Dank den anstehenden Abschlussprüfungen an unserer Gastschule konnten wir am Freitag eine Stunde länger schlafen. Dadurch war unsere Energie gleich doppelt so hoch. Mit dem Bus gelangen wir zu unserer ersten Station dem Beinhaus in Kutna Hora. Etwa 70km östlich von Prag befindet sich im Untergeschoss der Allerheiligenkirche auf dem Sedletzer Friedhof das Beinhaus, welches durch seine Knochenpyramiden im Inneren im Gedächtnis bleibt. Unsere zweite Station ist nichts für schwache Nerven, enge Räume, nasse kalte dunkle Gänge die bis zu 120cm niedrig sind. Wir waren im Silberbergwerk angekommen. Dort erwartete uns eine erlebnisreiche Führung durch die Minen, welche viele neue Informationen zu historischen Hintergründen mit sich brachte.

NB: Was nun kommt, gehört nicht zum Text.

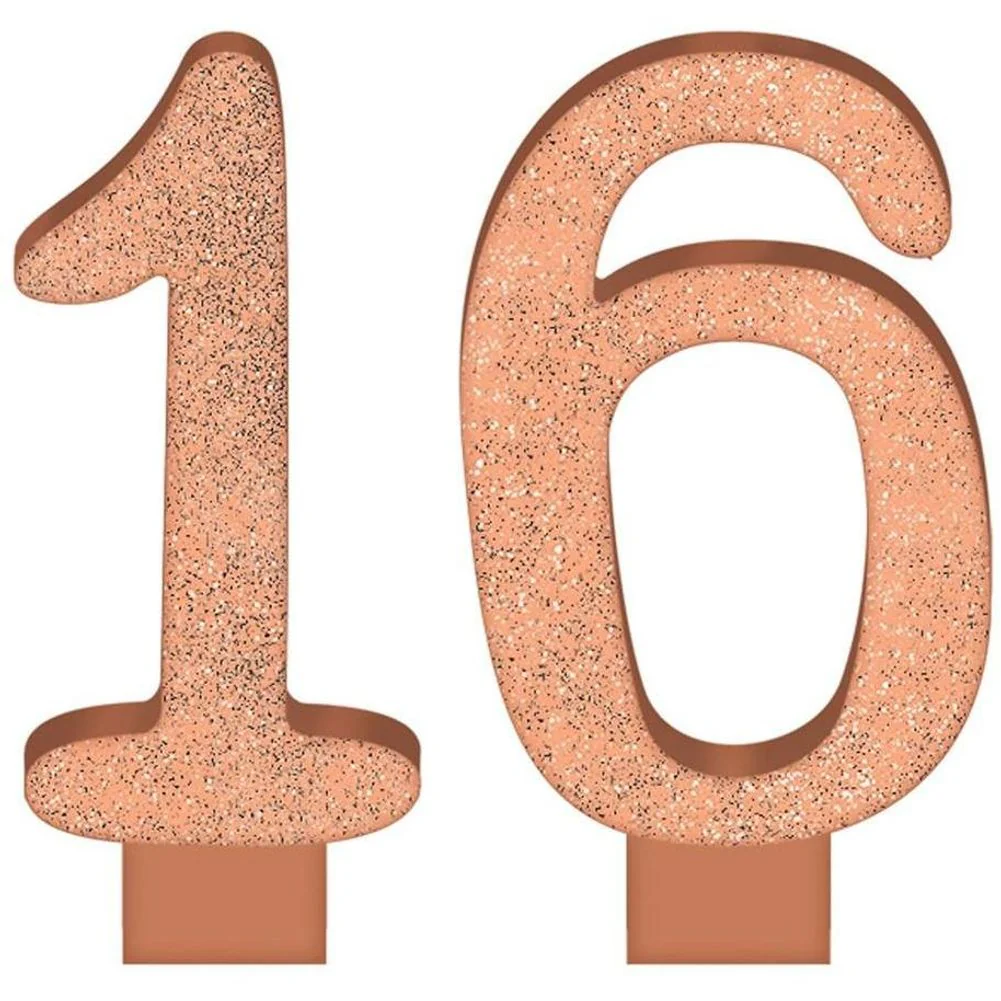 Glitter Rose Gold Number 16 Birthday Candles, 2ct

Vor Ort gab es die Möglichkeit eine tschechische Spezialität „Trdlimk“ zu verkosten. Die letzte Haltestelle des Busses führte uns wieder zurück nach Pardubice, von wo wir unsere Nachmittagsgestaltung selbst in die Hand nehmen durften.

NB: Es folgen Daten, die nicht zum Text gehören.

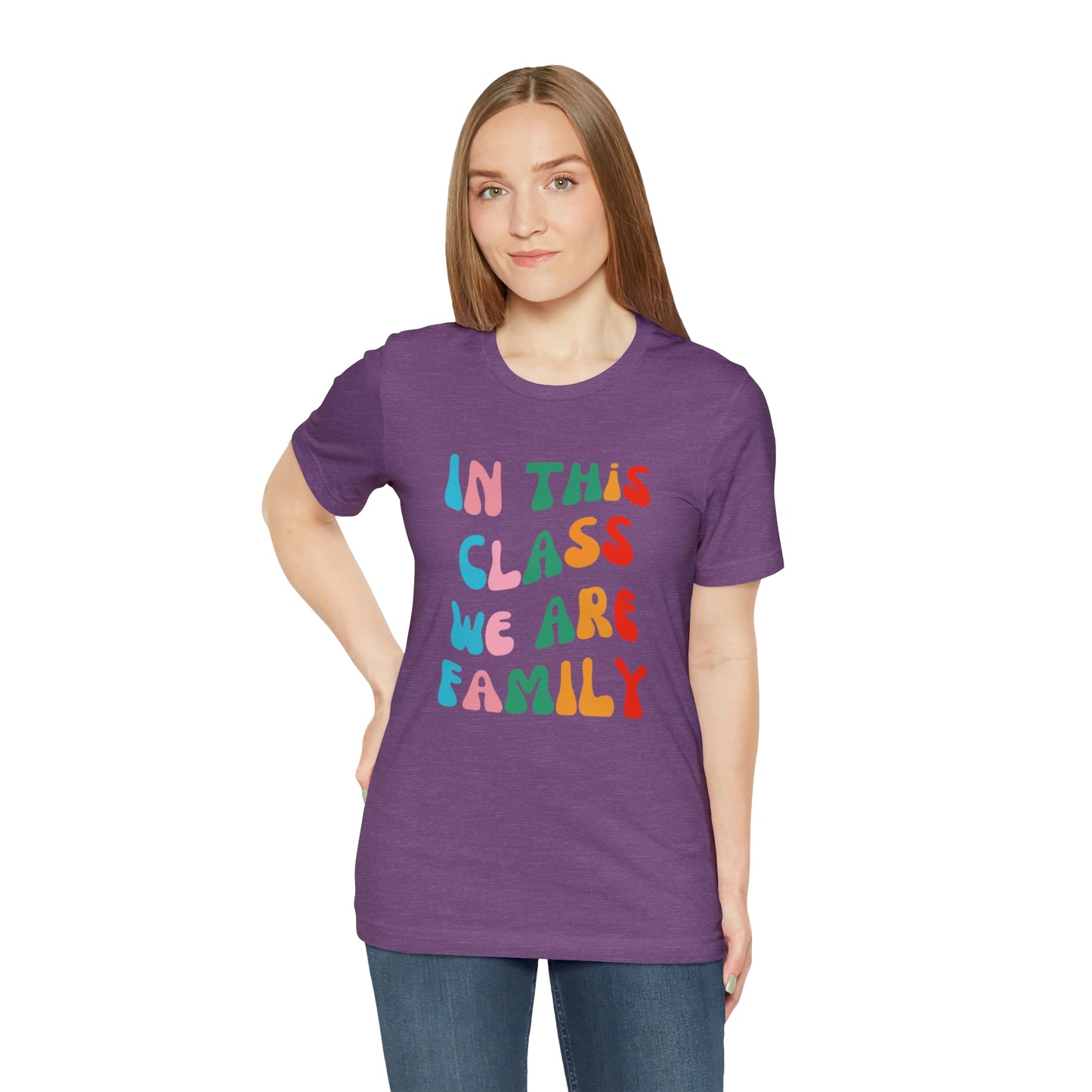 In This Class We Are Family Retro Unisex Jersey Short Sleeve Tee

Das „offizielle“ Programm des Austausches war jetzt zu Ende. Das heißt aber nicht, dass es langweilig wurde. Die tschechischen Austauschpartner legten sich ganz schön ins Zeug, um uns ein spannendes Wochenende zu bieten. Das Wetter spielte uns ebenfalls in die Karten. Es war durchgehend sonnig mit Temperaturen knapp oberhalb der 20 Grad. Natürlich fand die Wochenendplanung weitestgehend unabhängig voneinander statt, dem entsprechend sahen die Aktivitäten von Gastfamilie zu Gastfamilie unterschiedlich aus. Neben Spaziergängen, Burgbesichtigungen und diversen Restaurantbesuchen war auch die Abkühlung im örtlichen Schwimmbad sehr beliebt. Außerdem war es an der Zeit traditionelle tschechische Spezialitäten zu probieren.

Und genau so wie wir kamen mit Bahn und Bus, reisten wir wieder am darauffolgenden Montag zurück. Um einige Erfahrungen reicher, mit neuen Freunden, vielen schönen Erinnerungen und ein paar Souvenirs im Gepäck.

Der Bericht wurde verfasst von: Anna Petschenig, Elsa Luther, Franziska Lang, Johanna Kramer, Jore Esber, Josefin Lazzaris, Karen Scheuerecker, Lena Markus, Leni Zinner, Lenne Götz, Marie Küfner, Nikita Maisel und Xenia Ehmcke

Auch uns Begleiterinnen hat es sehr viel Spaß gemacht, die Zeit mit unseren Schülerinnen und Schülern und mit den tschechischen Schülerinnen und Schülern zu verbringen.